DOE downplays risk after earthquake near Yucca

By Ken Ritter, The Associated Press
Saturday June 15, 2002

LAS VEGAS — Federal officials insisted Friday that the site of a proposed national nuclear waste repository in the Nevada desert is safe, despite an early morning earthquake that rumbled nearby. 

No damage or injuries were reported after the magnitude 4.4 temblor struck at 5:40 a.m. near Little Skull Mountain. The epicenter is about 12 1/2 miles southeast of the Yucca Mountain site and 75 miles northwest of Las Vegas, according to the U.S. Geological Survey in Golden, Colo. 

The quake was felt at the Nye County sheriff’s office in Pahrump, 40 miles to the southeast, but not in hotels on the Las Vegas Strip. 

About 100 scientists and employees found no damage Friday at Yucca Mountain, said Allen Benson, a federal Department of Energy spokesman in Las Vegas. 

However, the minor quake reverberated in Washington, D.C., where the Senate is due before July 26 to vote on whether to entomb highly radioactive waste at the site. 

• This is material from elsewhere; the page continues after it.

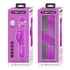 Kép 4/12 - Pretty Love Dejon Twinkled Tenderness Purple I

“The earthquake is a wake-up call for the U.S. Senate,” declared Rep. Shelley Berkley, D-Nev., who raised the specter of radioactivity contaminating groundwater if an earthquake were to strike an active Yucca Mountain repository. 

The House already has voted to support President Bush’s selection of Yucca Mountain to store the nation’s radioactive waste. 

“Today, we saw more proof that the proposed Yucca Mountain nuclear dump site is not safe,” said Sen. Harry Reid, D-Nev., who along with Sen. John Ensign, R-Nev., has been trying unsuccessfully to drum up 51 votes to block the project in the Senate. 

The Energy Department plans to bury 77,000 tons of spent commercial, industrial and military nuclear waste in a grid of underground tunnels beneath the ancient volcanic ridge. The site would remain radioactive for more than 10,000 years. 

Benson, at the Energy Department office in Las Vegas, released a statement calling the area “a known and studied geologic zone” that project scientists have monitored for 24 years. He said a magnitude 5.6 earthquake hit in 1992 in the same area — near Little Skull Mountain in the Nevada Test Site — but didn’t dislodge boulders at Yucca Mountain. 

“In fact, Yucca Mountain scientists have used earthquakes greater in magnitude than this morning’s quake to study and design a nuclear waste repository,” he said. “Scientific studies show that an underground repository at Yucca Mountain would perform safely in accordance with regulatory standards, including during an earthquake.” 

David von Seggern, a seismologist at the Nevada Seismological Laboratory at the University of Nevada, Reno, said Friday’s earthquake came as no surprise because the entire state is seismically active. 

“Earthquakes have happened and will continue to happen in this area,” he said. 

Von Seggern said Yucca Mountain is in a six-mile zone in which scientists found no documented evidence of a temblor greater than magnitude 3 since the 1800s. UNR has been monitoring the site since 1978, he said. 

A quake of magnitude 4.4 or even 6.4 would not damage a well-designed nuclear repository, von Seggern said. But he declined to comment on the Energy Department declaration that the repository would be safe. 

Opponents of the project seized on the quake as a reason to reject Yucca Mountain. 

“If you’re out looking for sites, three things you want to avoid are earthquakes, the potential for volcanoes and contamination of a pristine and valuable aquifer,” said Judy Treichel, an executive director of the Las Vegas-based Nuclear Waste Task Force and an opponent of the project. “Yucca Mountain gives you all of those.”